Would it be more considerate to respond? Yes. But, if a person doesn't act like they care, busy or not; they usually don't. I know plenty of busy people, myself included, who answer texts as they're received. But, some people are busy. They respond when they feel like it, or not at all.

Sometimes, technology doesn't work as it should. For example: Text messages have delays depending on whether a person sends them via data or wifi. Sometimes, people have told me they've sent me something and I don't see it. I hardly ever use my data on my cell phone. So, when I do which might be days later, I'll see multiple texts just start coming through back to back, from previous days.

Now, that I know this, I will cut on my data just to see if messages come through. So, you have to understand that inconsideration is no excuse. But, there are times when people have things that are more of a priority than idle chit chat. If it's important it's best to call.

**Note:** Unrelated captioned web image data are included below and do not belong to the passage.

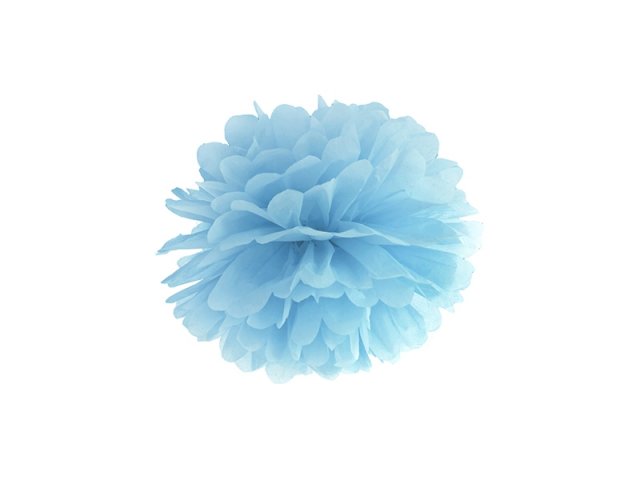 Pompom, světle mlhavá modrá, 25 cm (zn. PartyDeco)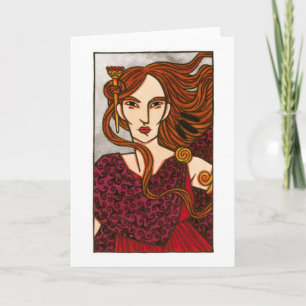 Carte de voeux Mórígan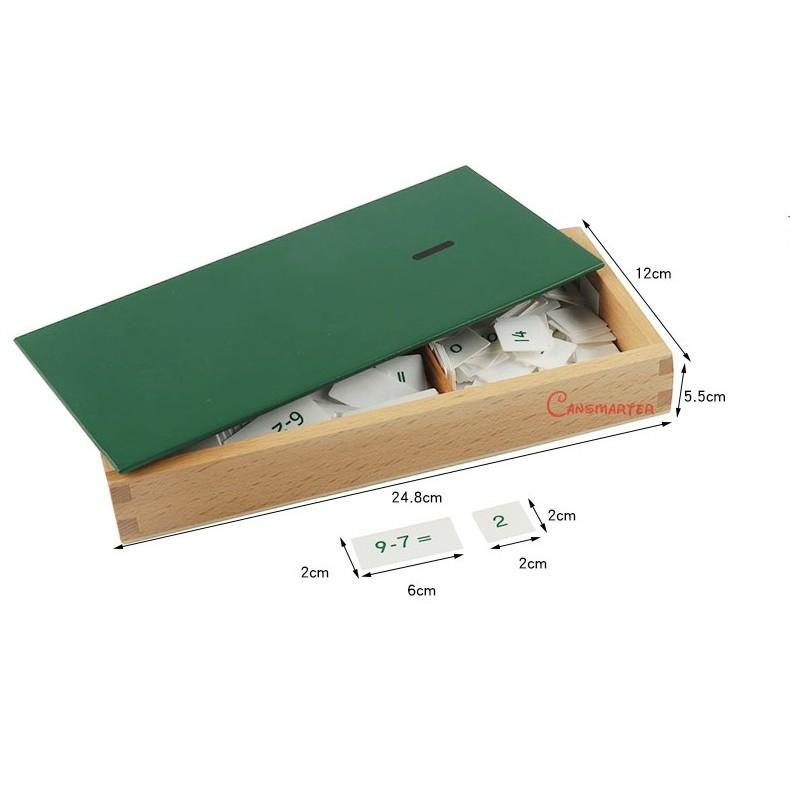 Hộp thẻ phép cộng, phép trừ, phép nhân, phép chia Montessori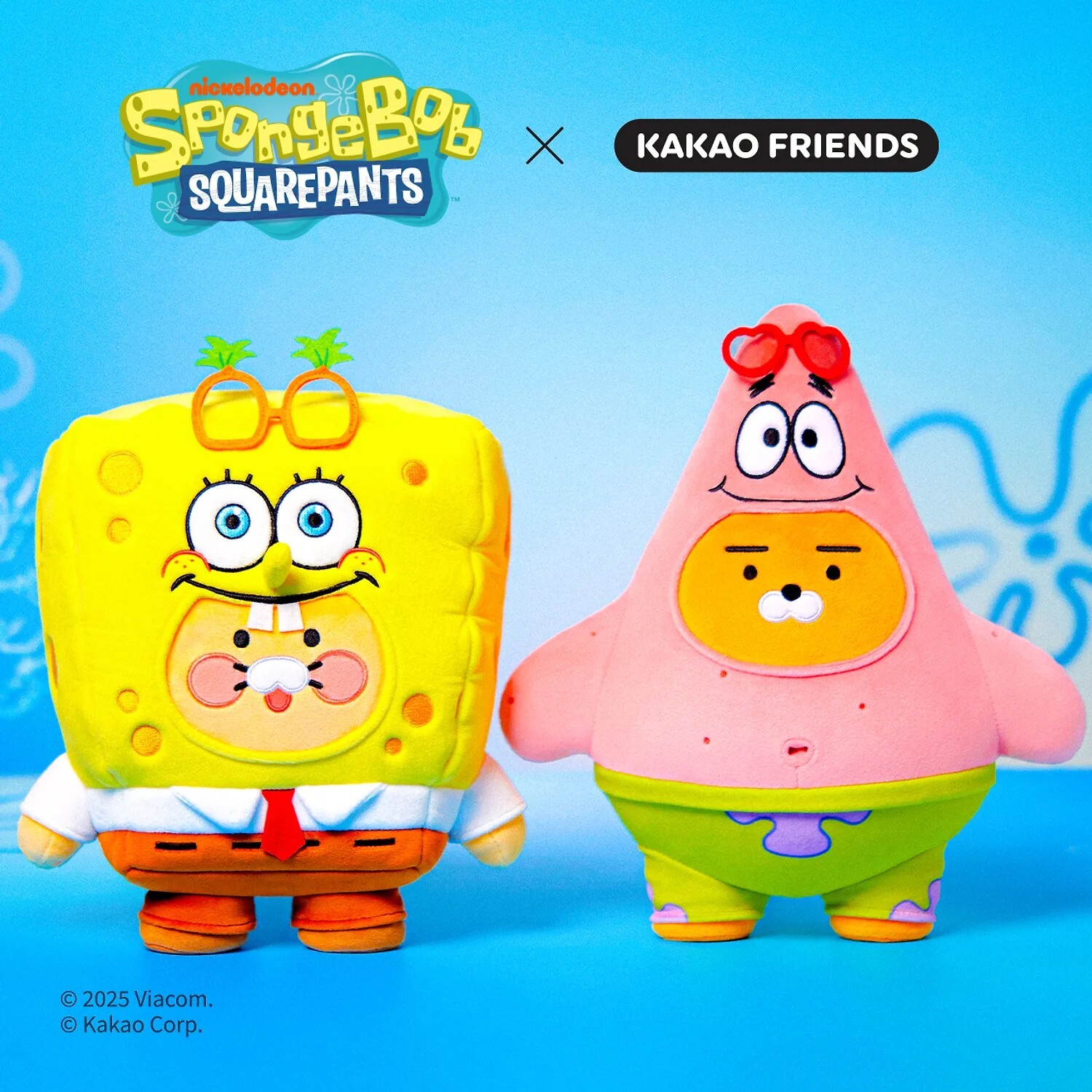 "代購" Kakao Friends X SpongeBob SquarePants 海綿寶寶 限量聯名 公仔 韓國限定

You can't make a person value you. If they don't, you just have to move on. Don't keep doing the same thing, keep complaining to them about it, or keep expecting them to feel guilty. She doesn't. So, just move on from her. There are many people I'm a friend to. But they are truly not what I consider to be friends.

They're more like buddies or pals. I don't expect others to do things as I'd do them. This type of desire can lead to a lot of disappointments. I can handle knowing this. But, I'm not going to continue trying to be friends or communicate with someone that doesn't seem to give a crap about my friendship.

- Response by thelovedovefor1, A Creative, Female, 46-55, Atlanta, Who Cares?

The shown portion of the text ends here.